Brunch season is heartily upon us, and what’s a holiday brunch without a festive drink? Here’s a gorgeously simple sangria that isn’t much more work than a pitcher of mimosas, but much prettier.
I call this a breakfast sangria for two reasons: Number one, it’s a citrus-driven sangria with all the breakfast fruit you can eat. Oranges and grapefruits make for a pretty pitcher on the breakfast table, clear and colorful.

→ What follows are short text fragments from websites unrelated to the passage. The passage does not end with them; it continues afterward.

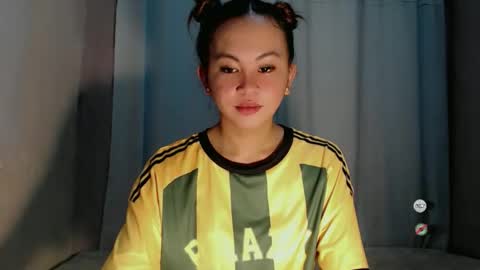 sofia_sweetheart18 online show from 05.20.26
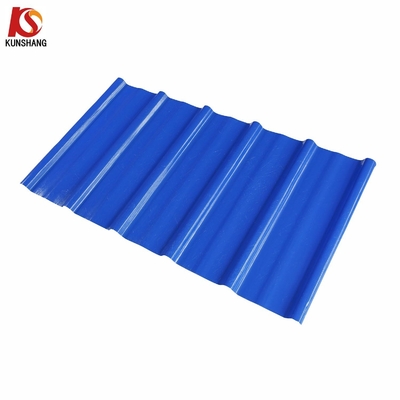 Carreaux de toiture en PVC ondulé ignifuge à 3 couches pour entrepôts Carreaux de toiture en UPVC imperméables à l'eau Épaisseur 1,2-3,0 mm
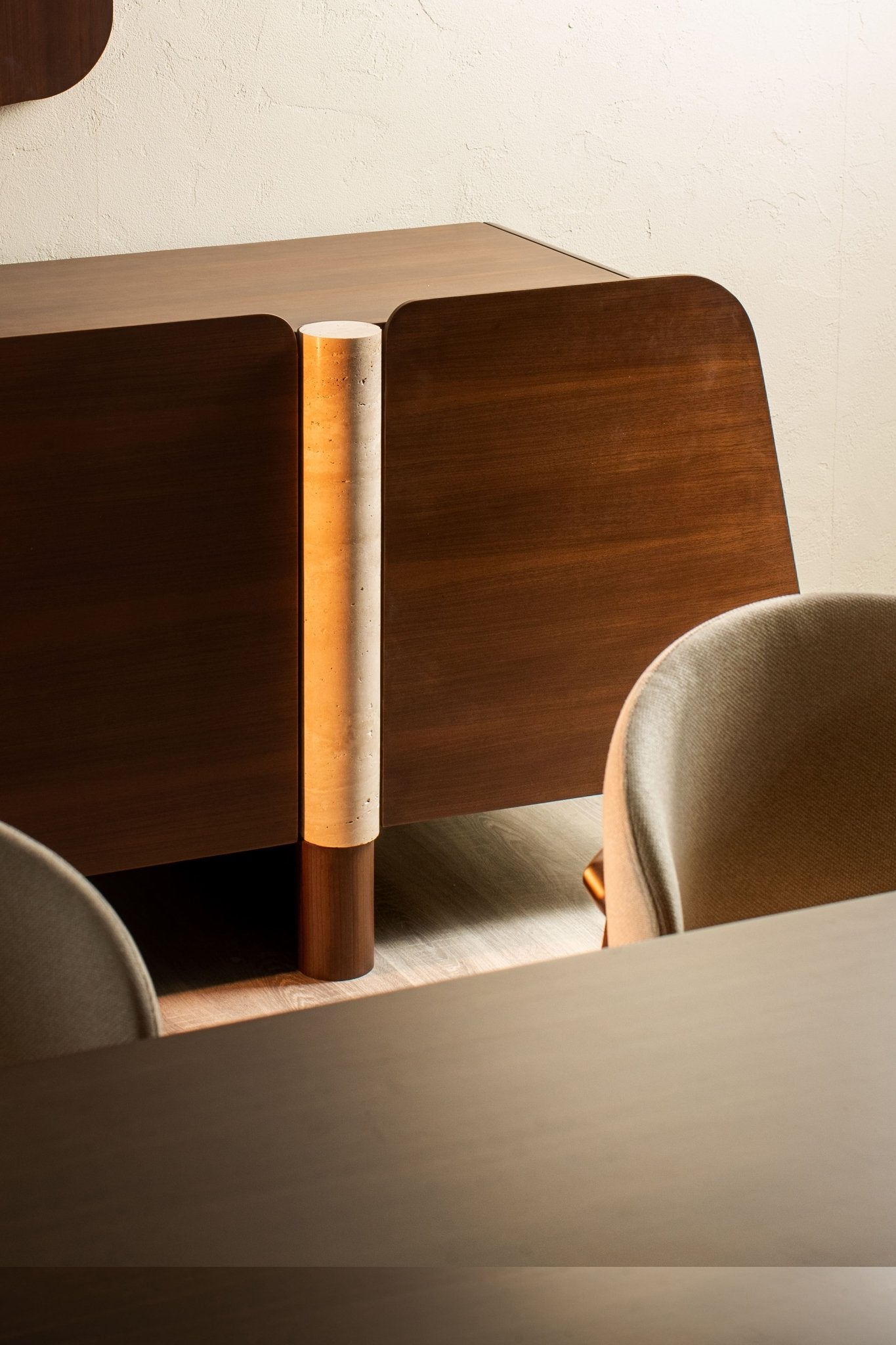 Aro Dining Room Set - Mahogni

Number two: this is a light drink! Without thick orange juice to weigh it down, and sparkled up with fizzy water, this is a light and refreshing drink to toast the morning, without too much alcohol to buzz you up too early.
It’s so easy — just mix it up the night before! — and just refreshing enough to see you through a merry Christmas or New Year’s brunch.
Serves 4 to 6
- 1 pink grapefruit
- 1 navel orange
- 2 limes
- 1 cup Cointreau
- 1 750ml bottle Prosecco
- 12 to 24 ounces plain or grapefruit sparkling water
- Slice the citrus fruit into half moons. Mix with the Cointreau in a pitcher that holds at least quarts. Add the Prosecco and cover the pitcher tightly with plastic wrap. Refrigerate overnight.
- When ready to serve, top off the pitcher with sparkling water and serve with lime or orange wedges.